Everything below from the line with "Anita Ko 18K" through the line with "Close-up of freshly" should be copied exactly, and nothing else; leave out the pictures.

+===+

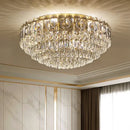 GobekUsa Crystal Ceiling Lamp: Modern Simple Golden Round Light for Living Room, Bedroom, Study
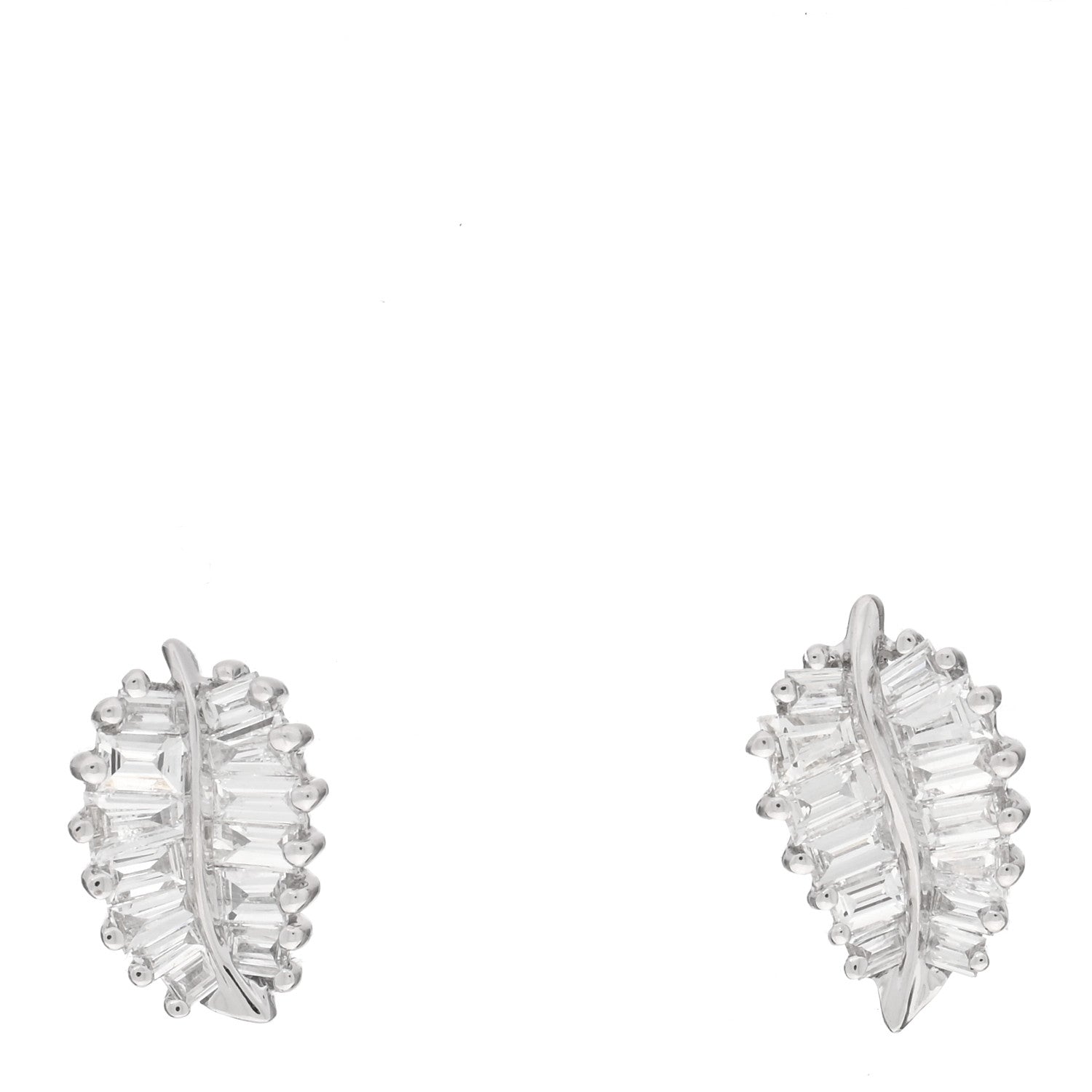 Anita Ko 18K White Gold Diamond Small Palm Leaf Earrings 1 of 4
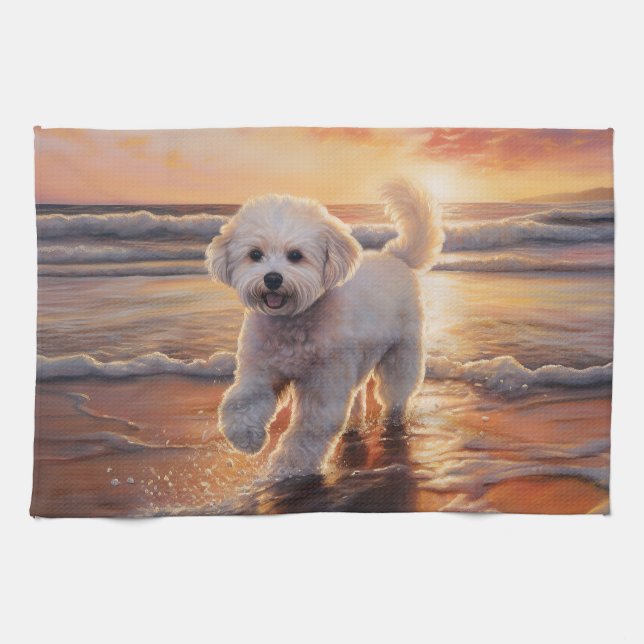 Paño De Cocina Sandy Paws Bichon Frise Dog en Beach Sunset (Horizontal)
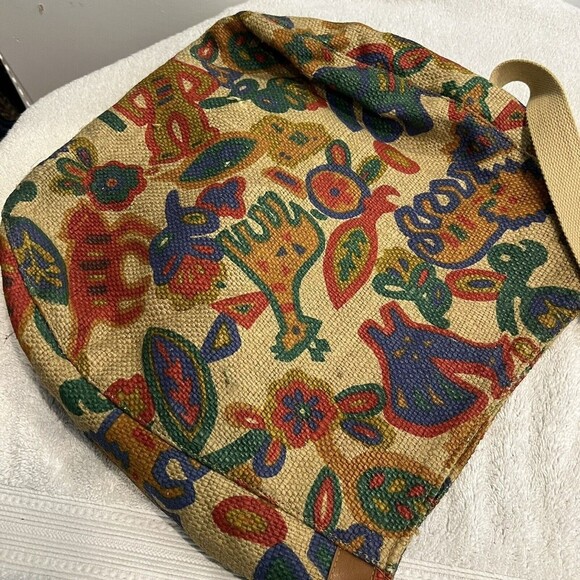 Vintage Burlap Ethnic Animal Crossbody Tote Bag Women’s Colorful Zipped - Picture 8 of 16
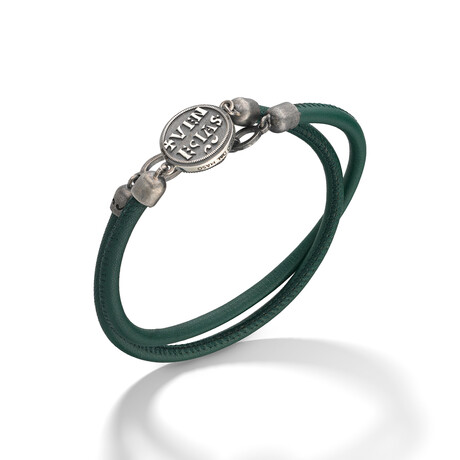 Moneta Sovereign Disc Leather Bracelet // Green (Small: 7.5")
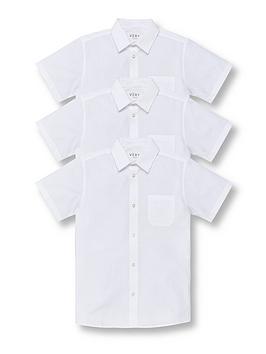 Everyday Boys Short Sleeve Shirts Slim Fit (3 Pack) - White, White, Size Age: 3-4 Years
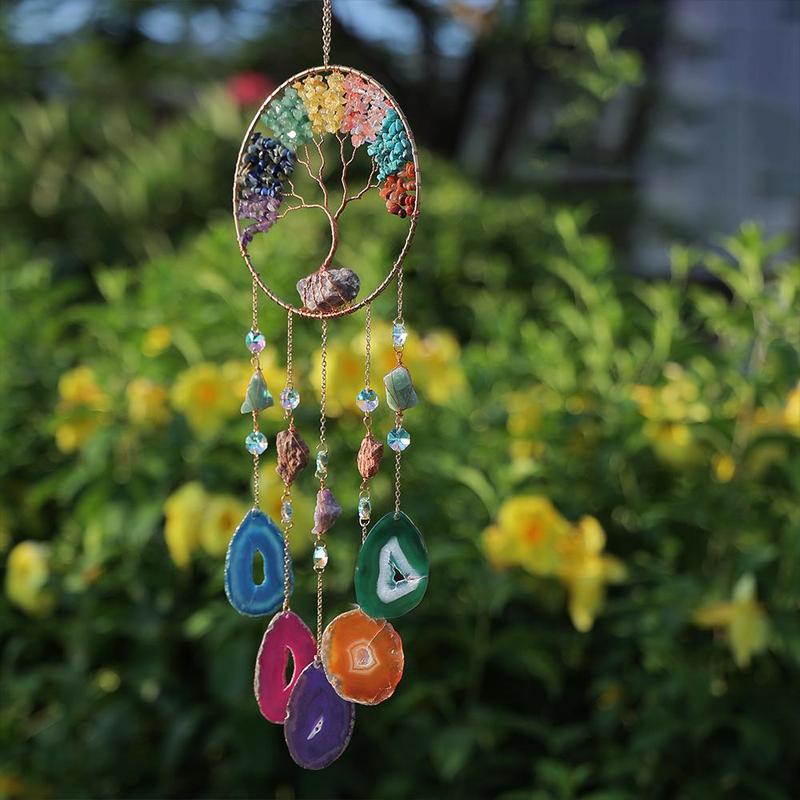 Colorful Tree Of Life Dream Catcher, 1 Count Artificial Crystal Wall Hanging Decoration, Creative Holiday Ornaments for Living Room Garden Courtyard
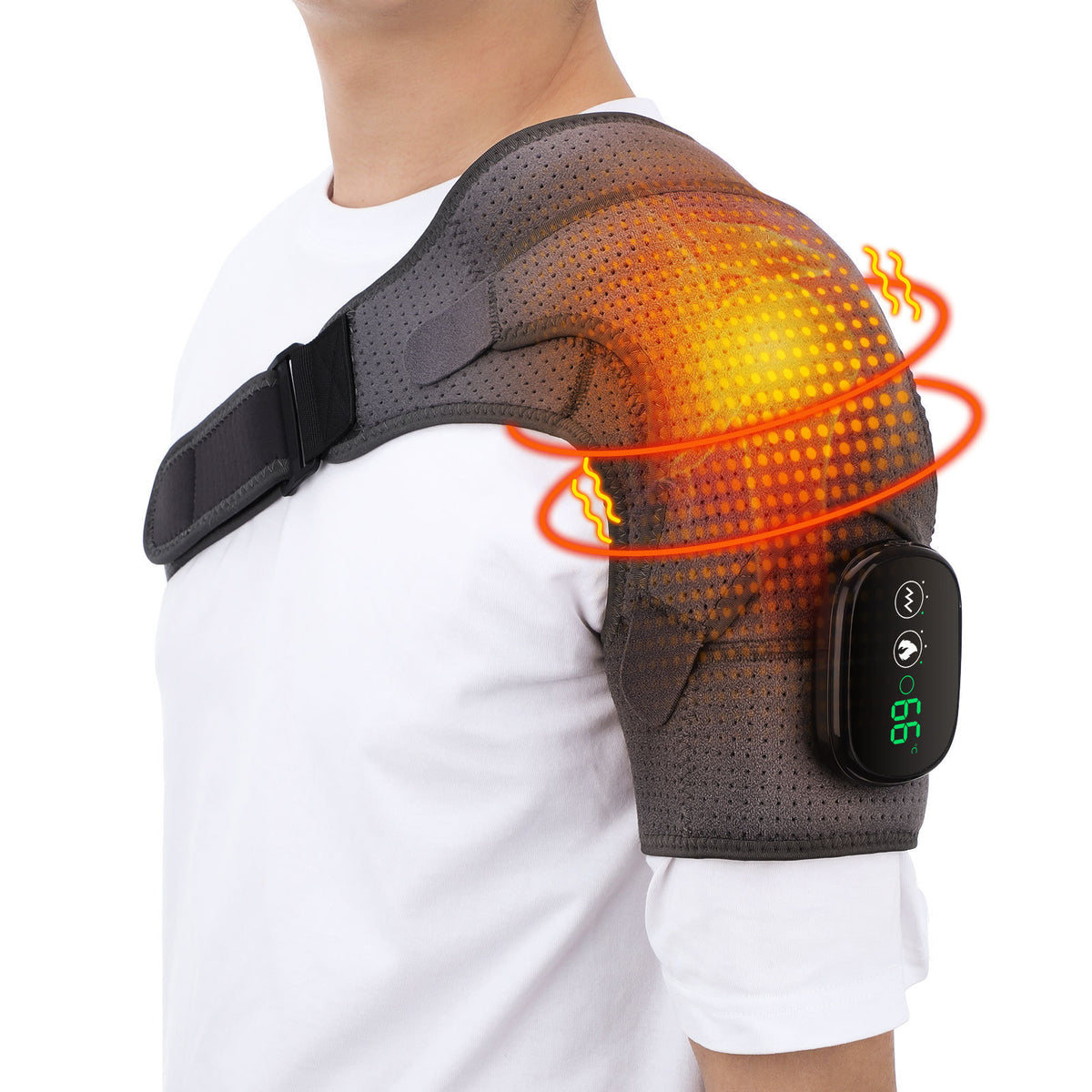 Masajeador de Hombro con Soporte Vibratorio y Calor Terapeútico Control Táctil Recargable USB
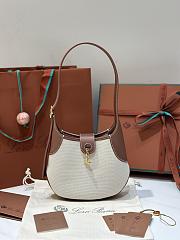 Loro Piana Small Bobbin Bag Cotton Linen Natural Caramel - 19x6x16cm - 6
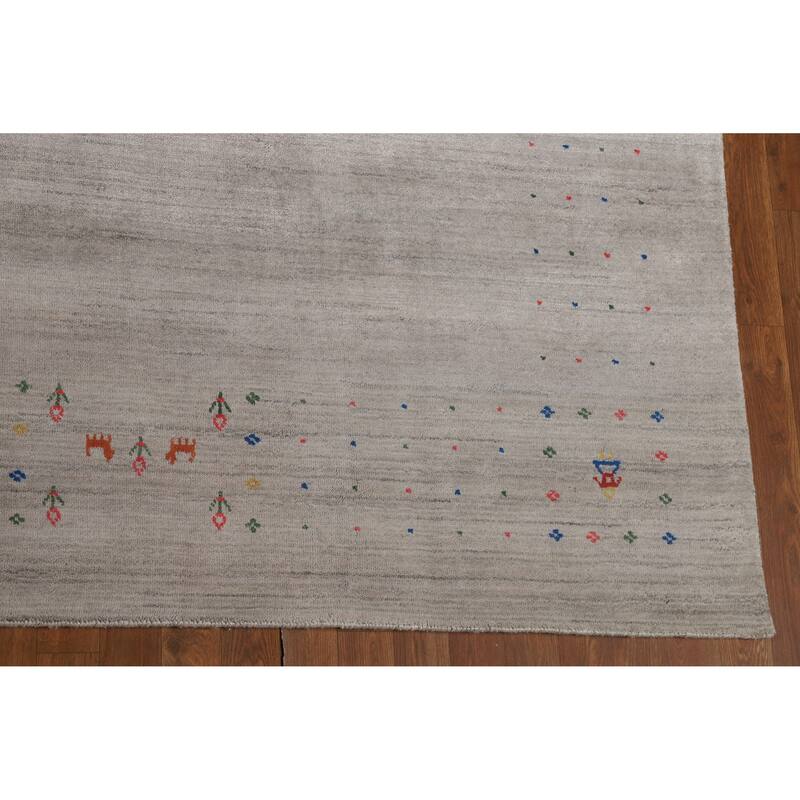 Tribal Gray Gabbeh Indian Area Rug Handmade Wool Carpet - 9'3" x 12'0"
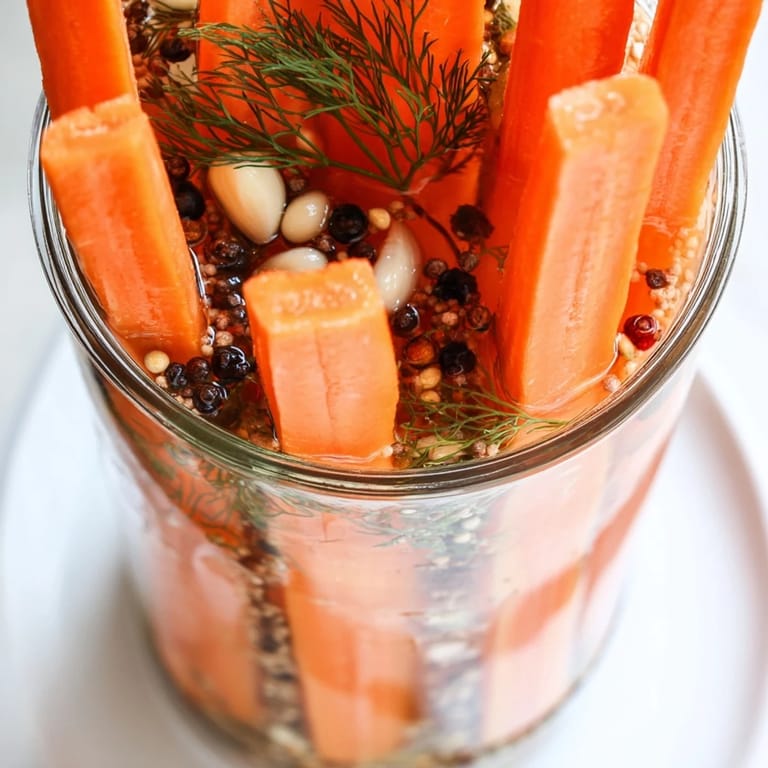 Close-up of freshly made Quick Pickled Carrot Spears, showcasing the crunchy texture and bright colors.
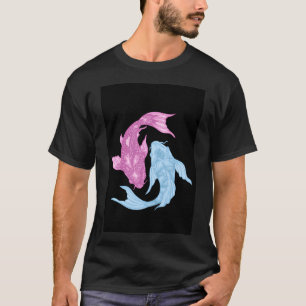Koi Vis Illustratie Roze En Blauw T-shirt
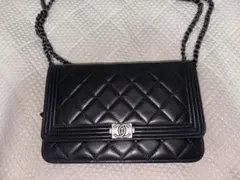 CHANEL ボーイシャネル チェーンウォレット ブラック
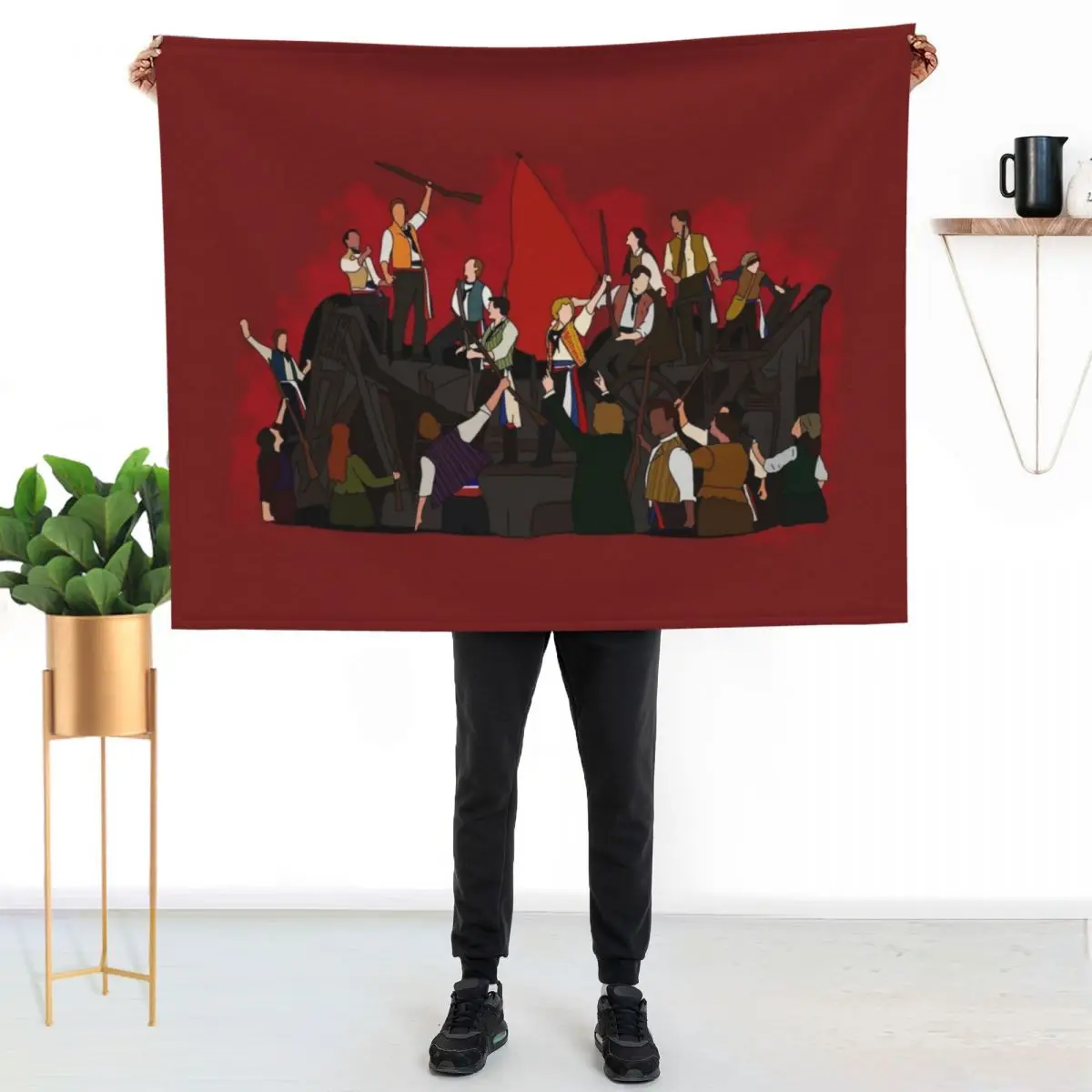 Les Miserables Barricade Throw Blanket Modern Design Soft Blanket for Home Decor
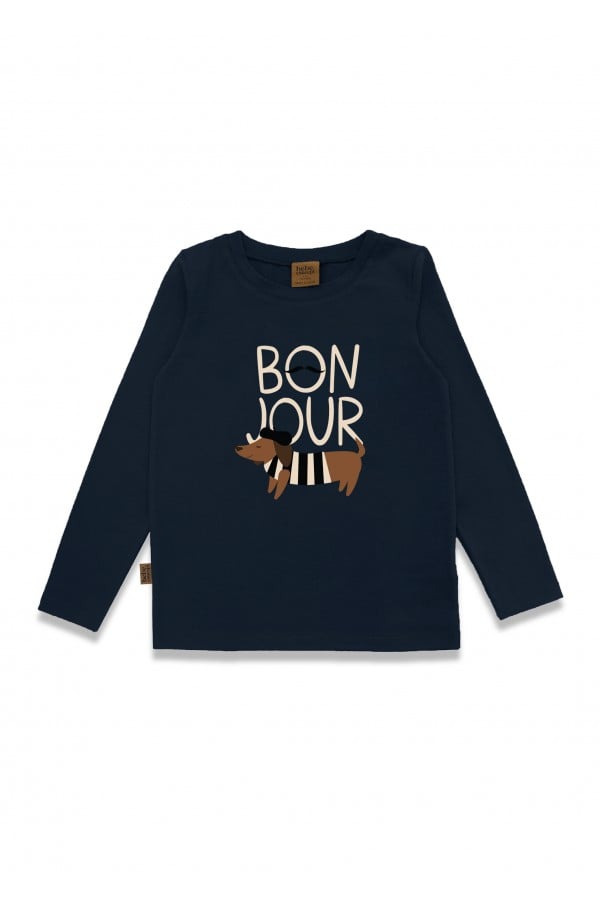 Top with placment print BONJOUR dog navy blue 0108_F25219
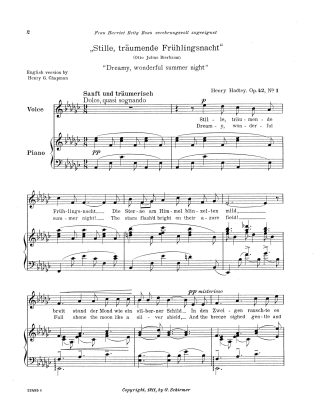 Stille traumende Fruhlingsnacht. Op. 42 No. 1 g. e.
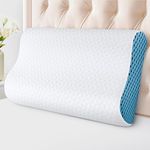 Zibroges Memory Foam Pillow, Cervical Pillow Support for Neck Head and Shoulder, Neck Pillows Tailored for Side, Back, Stomach Sleepers - Elevate Your Sleep Comfort (Sky Blue, Washable Pillowcase)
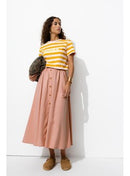 Jupe Midi Évasée en Lyocell - Rose Uni Colore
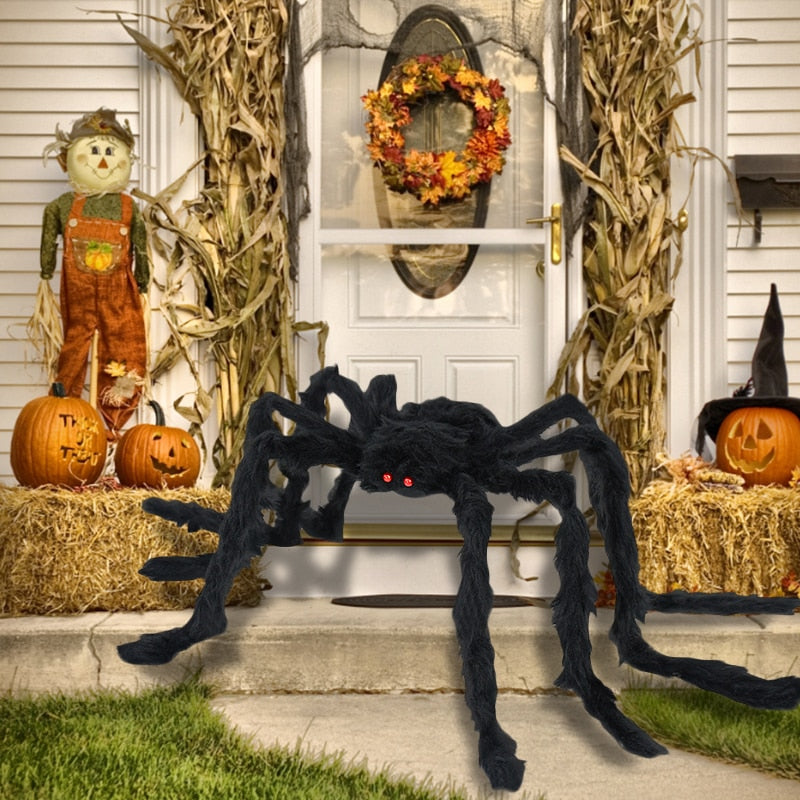 SKHEK Halloween 30/50Cm/75Cm/90Cm Big Black Plush Spider Halloween Party Decorations For Home Bar Haunted House Horror Props Spider Web Kids Toy
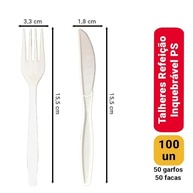 Talher Garfo e Faca Inquebrável Descartável Premium – Kit Completo para Churrasco e Festas (Branco) - imagem 3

+===+

§ SOLUTION:
 Anita Ko 18K White Gold Diamond Small Palm Leaf Earrings 1 of 4
 Paño De Cocina Sandy Paws Bichon Frise Dog en Beach Sunset (Horizontal)
 Vintage Burlap Ethnic Animal Crossbody Tote Bag Women’s Colorful Zipped - Picture 8 of 16
 Moneta Sovereign Disc Leather Bracelet // Green (Small: 7.5")
 Everyday Boys Short Sleeve Shirts Slim Fit (3 Pack) - White, White, Size Age: 3-4 Years
 Colorful Tree Of Life Dream Catcher, 1 Count Artificial Crystal Wall Hanging Decoration, Creative Holiday Ornaments for Living Room Garden Courtyard
 Masajeador de Hombro con Soporte Vibratorio y Calor Terapeútico Control Táctil Recargable USB
 Loro Piana Small Bobbin Bag Cotton Linen Natural Caramel - 19x6x16cm - 6
 Tribal Gray Gabbeh Indian Area Rug Handmade Wool Carpet - 9'3" x 12'0"
 Close-up of freshly made Quick Pickled Carrot Spears, showcasing the crunchy texture and bright colors.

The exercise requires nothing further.